Who was Henry Darracott Scott and why did he design and build the Royal Albert Hall?

Born in Plymouth, Henry Young Darracott Scott received a military education, and in 1840 was commissioned as second lieutenant in the Royal Engineers. Promoted and eventually appointed in 1855 instructor at the Royal Engineer establishment at Brompton, Chatham, he was in charge of the chemical laboratory there and invented a new form of cement from grey chalk – now known as Scott’s cement. He also perfected a method of representing ground in military maps through the use of hachures.

His resourcefulness led to his employment in 1865 with the commission of the Great Exhibition at South Kensington. By the following year, he had been entrusted with the design and building of the Royal Albert Hall. Such was his confidence in his ambitious design of its famous dome, that when it was time to remove the scaffolding Scott himself knocked away its final support. He is also said to be responsible for founding the Wine Society in 1874, as a means to sell excess wine stocks unsold during the Great Exhibition.

Find out more about the Royal Albert Hall's organ here.

The history of the Royal Albert Hall

For many people, the Royal Albert Hall (RAH) is synonymous with the Last Night of the Proms. Just as the nation’s collective attention turns towards Wembley for the FA Cup final each May, the vast Victorian venue in South Kensington becomes the focus for one Saturday evening in September. The Hall, though, has served a far wider purpose than that since it opened on 29 March 1871, hosting a whole range of musical and non-musical events throughout the year. Some fondly refer to it as ‘the nation’s village hall,’ others the ‘Kensington O’. And thanks to the Beatles, a generation of music fans know how many holes it takes to fill it.

It's time to take a decade-by-decade look at some of the major musical events to have filled his magnificent masterpiece…

1870s A Wagnerian visit: Wagner's Bayreuth Festival visits the Royal Albert Hall

In 1877, the entire Bayreuth Festival, which was itself only a year old, came to the Royal Albert Hall for a week of shows. The concerts were to be conducted by the master himself, Richard Wagner, but in the event he beat only the first item, before handing the baton to his colleague Hans Richter while he sat in an armchair at the side of the stage and stared out at the vast crowd. Bayreuth was intimate; this place was like the open air. The promoter hadn’t mentioned Richter and there were complaints. The programme consisted of excerpts from all of Wagner’s operas except Parsifal which was still germinating.

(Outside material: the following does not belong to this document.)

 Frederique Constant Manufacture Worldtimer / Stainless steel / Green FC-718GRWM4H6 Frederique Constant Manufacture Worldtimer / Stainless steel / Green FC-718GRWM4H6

1880s Introducing Antonín: Dvořák conducts Stabat Mater at the Royal Albert Hall

Word had it that the young Bohemian composer Antonín Dvořák was a rising star and so London’s Philharmonic Society extended an invitation. When he conducted his Stabat Mater on Monday 10 March 1884, it was the first time he’d appeared outside his country and the rapturous reception of this work was the beginning of his international reputation. The Latin text – a mother mourns her child - was not widely known, but the composer had experienced such tragedy. The enormous choir which had been formed to fill the vast space at the opening in 1871, and which became the Royal Choral Society (RCS), consisted of almost a thousand singers. Composer John Stainer, of Crucifixion fame, played the organ.

1890s A golden voice: Clara Butt's debut at the Royal Albert Hall

The statuesque contralto Clara Butt was 20 years old when she made her debut at the Hall on 7 December 1892 with the RCS in Sullivan’s cantata The Golden Legend, his greatest work outside the operettas. Mature in voice and character and standing 6'2" in her stockinged feet, Butt proved a sensation as the distraught mother of a suicidal daughter. She had been a student at the Royal College of Music opposite the Hall for two years and Bernard Shaw predicted a long and distinguished career. He was right on both counts – within a few years, Elgar wrote Sea Pictures for her, and she went on to notch up 110 performances at the Hall.

1900s On the march: John Philip Sousa and the American Band come to the Royal Albert Hall

The American military composer John Philip Sousa marched across the arena with his ‘marvellous’ American Band of wind and drums for three performances in October 1901 and was a big hit. The players, a little under-strength at 51, were graduates of a US Marines musical training. They used the space creatively and concerts were choreographed. The tour continued through Europe. What fun Yankee culture was! Is that a sousaphone? What catchy tunes! They played ragtime for an encore. They sailed over again in uniform during the war. Big Band and Swing came out of it.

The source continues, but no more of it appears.